Can You Paint Keycaps?

Yes, you can absolutely paint the plastic keycaps for your keyboard. However, there are a few important things to consider before you do this!

First, you’ll definitely want to remove the keycaps from the keyboard for painting.

Second, you should consider that the keys will feel and behave differently (possibly stickier and heavier).

painting keycaps
I would’ve sanded more in between coats. Looks to bumpy to me. (source)

Last, if you paint over the legends (the printed or transparent numbers, letters, symbols, etc, on the top of the keycap), you’ll have to get used to them NOT being there.

Here are my tips for painting your keyboard keycaps:

  1. If you paint over the legends, you can use a fine-tip Sharpie to write the legends back on
  2. Make sure to carefully line up your keycaps by row as you paint–so you can put them back on the keyboard in the correct spot. Most keycaps are different heights, depending on the row!
  3. You can spray paint keycaps just like you would the keyboard case. Use several lighter coats of paint with light sanding in between, as well as a clear top coat to finish.

If you don’t want to paint your keycaps, you can always buy a new set to match your painted case!

Click here for our best keycap recommendations.

Conclusion: Why paint your keyboard?

Painting your keyboard is a fun and rewarding experience, and it’s surprisingly easy and cheap to do!
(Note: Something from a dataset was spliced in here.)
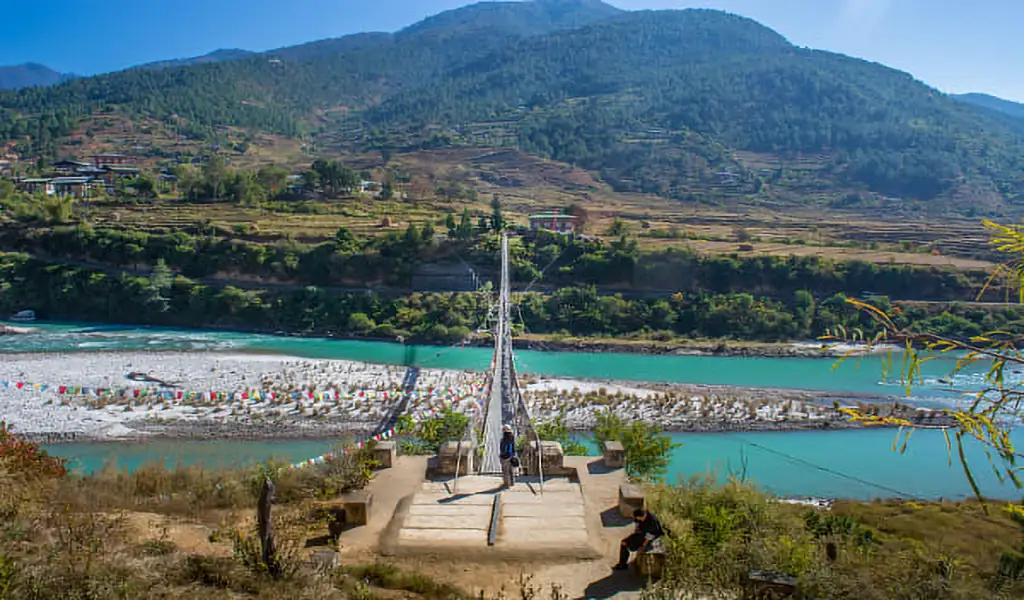 Punakha Suspension Bridge stretching across a turquoise river in Bhutan, with prayer flags and terraced hills in the background.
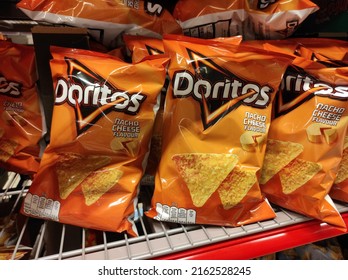 Kongsvinger, Norway 31 May 2022: Doritos Nacho Cheese Flavour Packages In A Row In The Shelf At The Grocery Store Import Savory Snacks Food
The designs and color schemes are only limited by your creativity.

Happy painting & clacking 😉

Keyboard Paint F.A.Q.s

Can I paint my laptop keyboard?

Technically yes, there are several ways to paint a laptop keyboard, but it is not recommended. First, it will likely void your computer warranty. Second, since laptops are difficult to take apart, you will need to be incredibly careful and detailed about taping off unwanted areas, between and under keycaps, etc. This is very difficult, and spray paint could still get in unwanted places! This could lead to sticky keys or worse. You can also hand-paint your laptop keyboard with acrylic paint, but this also has the same negative side effects.

Can you color a keyboard?

Yes, you can absolutely paint your keyboard a different color. You can either hand-paint with acrylic paint, or use spray paint. However, there are several precautions you should take to make sure you don’t ruin your keyboard or make it more difficult to type on!

How can I decorate my keyboard?

There are several fun ways to decorate a keyboard, including painting your keyboard case (more involved), painting your keycaps, or even purchasing fun stickers to place on your keycaps or the case.